カバー成形時には、ホールドピンを突き出し、中間層が形成された球体を投入後ホールドさせ、80トンの圧力で型締めした金型に260℃に加熱したカバー用組成物を0.3秒で注入し、30秒間冷却して型開きしてゴルフボールを取り出した。得られたゴルフボール本体の表面をサンドブラスト処理して、マーキングを施した後、クリアーペイントを塗布し、40℃のオーブンで塗料を乾燥させ、直径42.8mm、質量45.4gのゴルフボールを得た。
ゴルフボールの評価結果を表2、3に示した。また、ゴルフボールNo.1、2について、曲げ角度と曲げ剛性との関係を図3に示した。ゴルフボールNo.1、8〜24は、中間層が、(a1)二元系アイオノマー樹脂または(a2)三元系アイオノマー樹脂と、(B)炭素質フィラーとを含有する樹脂組成物から形成されている場合である。これらのゴルフボールは、フィラーを含まない樹脂組成物を用いたゴルフボールNo.25に比べて反発性が向上しており、かつ打球感にも優れている。ゴルフボールNo.2〜7は、中間層が、他のフィラーを含有する樹脂組成物から形成されている場合である。これらのゴルフボールは、ゴルフボールNo.25に比べて反発性の向上効果が小さく、また、打球感が劣る。
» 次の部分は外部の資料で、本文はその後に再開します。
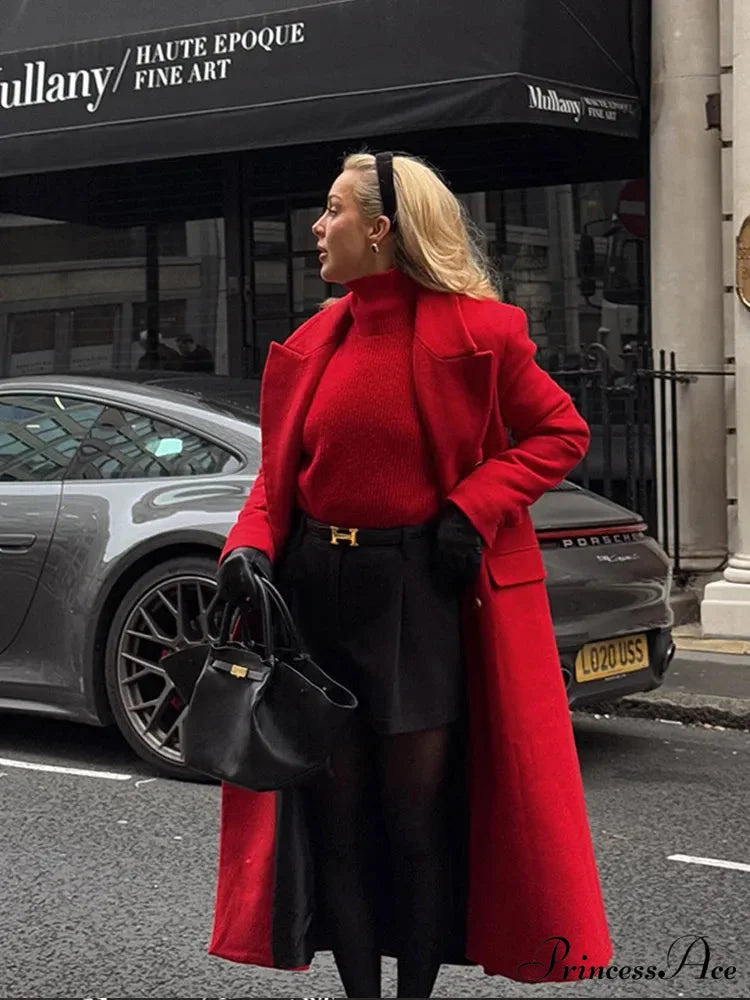 Crimson Dual Buttoned Woolen Overcoat coats-241228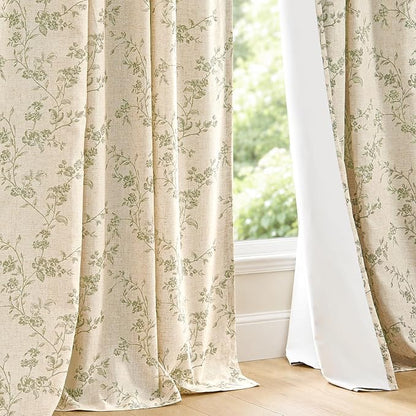 Blackout Vintage Floral Linen Curtains Green on Beige 50×96 2 Panels | Elisa - Image 9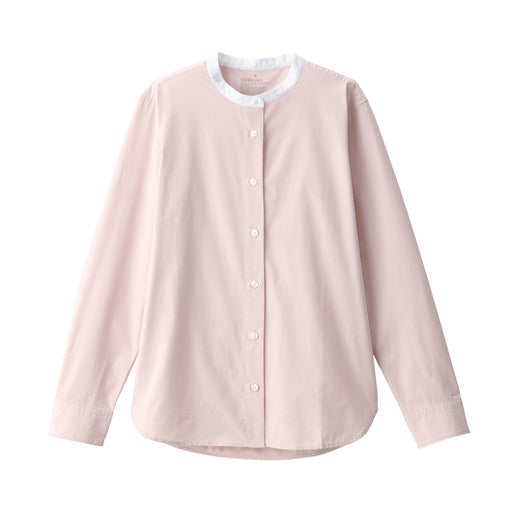 Women's Washed Broad Stand Collar Long Sleeve Shirt Pink MUJI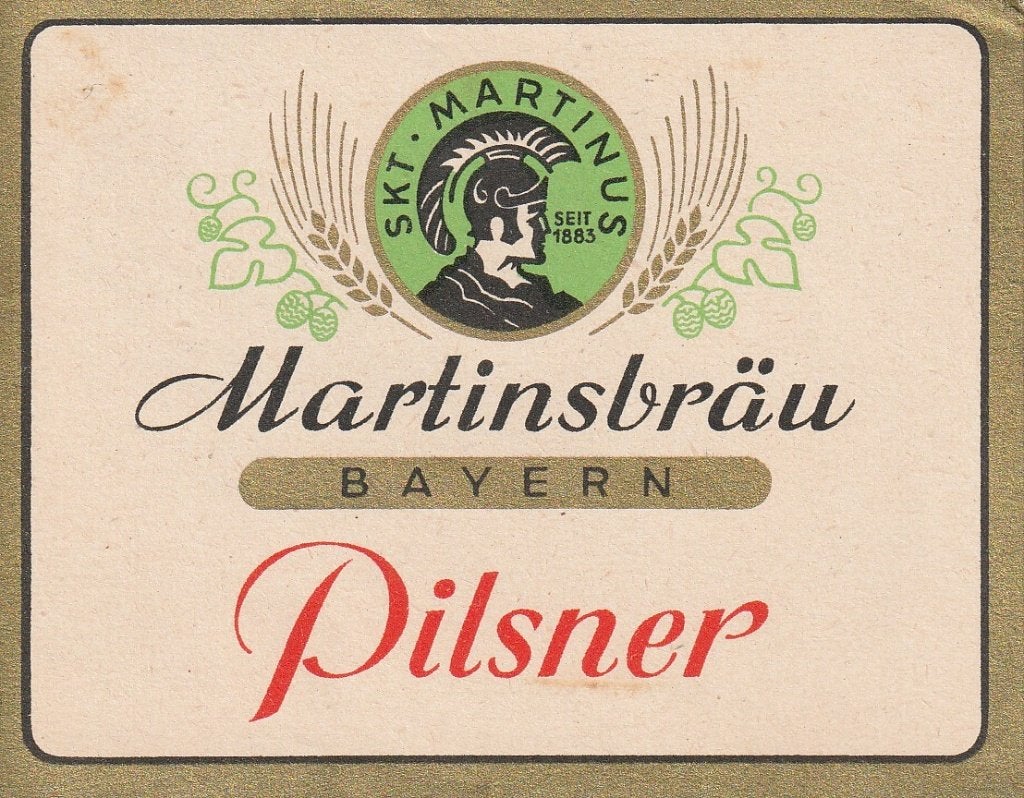 oud bieretiket Duitsland Martinsbräu : Pilsner, Verzamelen, Verzenden, Zo goed als nieuw, Overige typen, Overige merken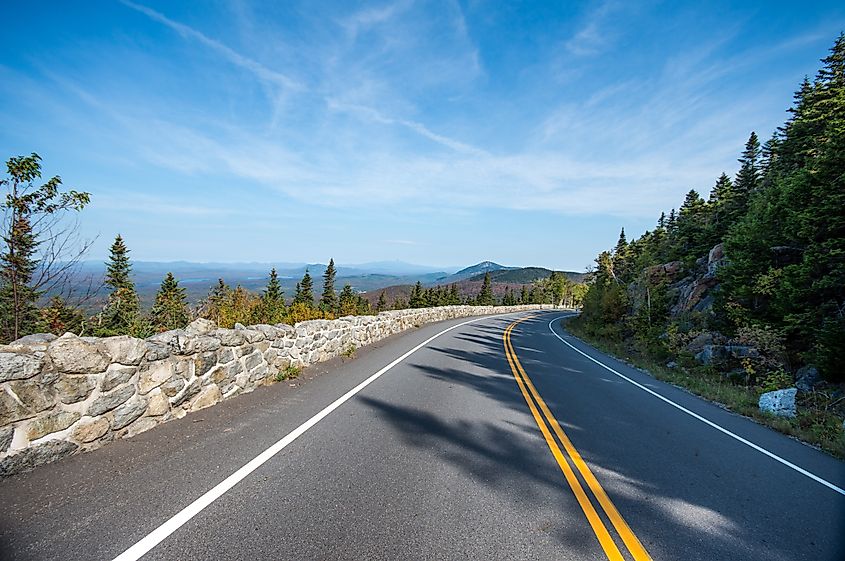 Whiteface veterans memorial highway winding it's way to the summit.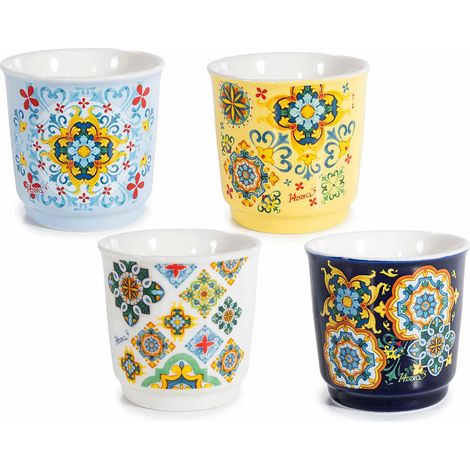 Bicchierini da caffè in porcellana con stampa maiolica, set da 12 pezzi, Ø 6 cm x 6 H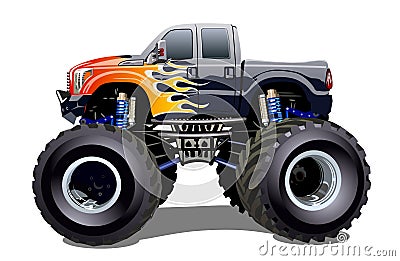 Cartoon Monster Truck isolated on white background Vector Illustration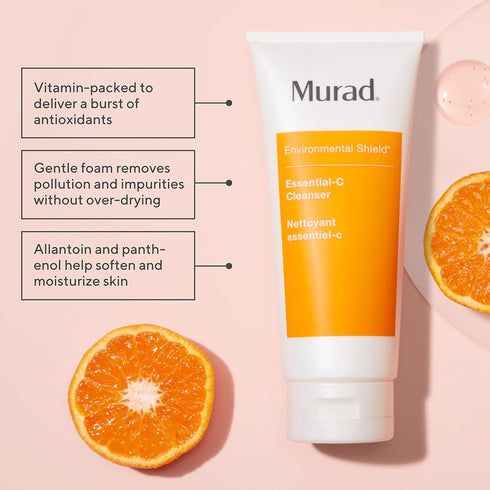Murad Essential-C Cleanser - Energizing Antioxidant Citrus Face Wash with Vitamin C Technology - Brightening Foaming Gel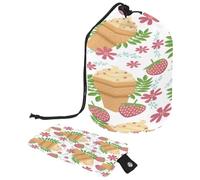 Drawstring Toiletry Bag, Lovely-Tropical-Background-with-Flat-Design Barrel Shaped Wash Bag Cosmetic Bags, Travel Makeup Organiser Pouch + Small Bag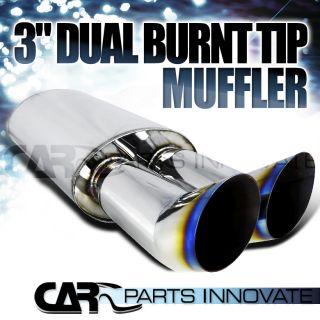 Outlet Dual Burnt Slant Titanium Tip Muffler DTM Exhaust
1:ゴルフボール、2:球状コア、3:中間層、4:カバー、41:ディンプル、42:ランド、10:アイオノマー樹脂、11:炭素質フィラー

Claims (14)

  1. (A)熱可塑性樹脂と、(B)炭素質フィラーとを混合してなるゴルフボール用樹脂組成物であって、
    前記(A)熱可塑性樹脂が、(a1)オレフィンと炭素数3〜8個のα,β−不飽和カルボン酸との二元共重合体の金属イオン中和物、および/または、(a2)オレフィンと炭素数3〜8個のα,β−不飽和カルボン酸とα,β−不飽和カルボン酸エステルとの三元共重合体の金属イオン中和物を含有し、
    前記(B)炭素質フィラーが、グラフェンおよび/またはグラファイト薄片であり、
    前記(B)炭素質フィラーが、表面に極性官能基を有し、平均短径0.1μm〜100μm、平均長径0.2μm〜300μm、平均アスペクト比2.0〜1000、平均厚さが0.3nm〜50nmであることを特徴とするゴルフボール用樹脂組成物。
  2. 前記(B)炭素質フィラーの単位質量当たりの極性官能基量は、0.3mmol/g〜5.0mmol/gである請求項1に記載のゴルフボール用樹脂組成物。
  3. 前記(B)炭素質フィラーがその表面に有する極性官能基が、カルボキシ基、ヒドロキシ基、アミノ基、チオール基、スルホン基、および、ホスホン基よりなる群から選択される少なくとも1種である請求項1または2に記載のゴルフボール用樹脂組成物。
  4. 前記(B)炭素質フィラーの添加量が、前記(A)熱可塑性樹脂100質量部に対して、1質量部〜30質量部である請求項1〜3のいずれか一項に記載のゴルフボール用樹脂組成物。
  5. 前記(A)熱可塑性樹脂と前記(B)炭素質フィラーとを、材料温度200℃未満で混練したものである請求項1〜4のいずれか一項に記載のゴルフボール用樹脂組成物。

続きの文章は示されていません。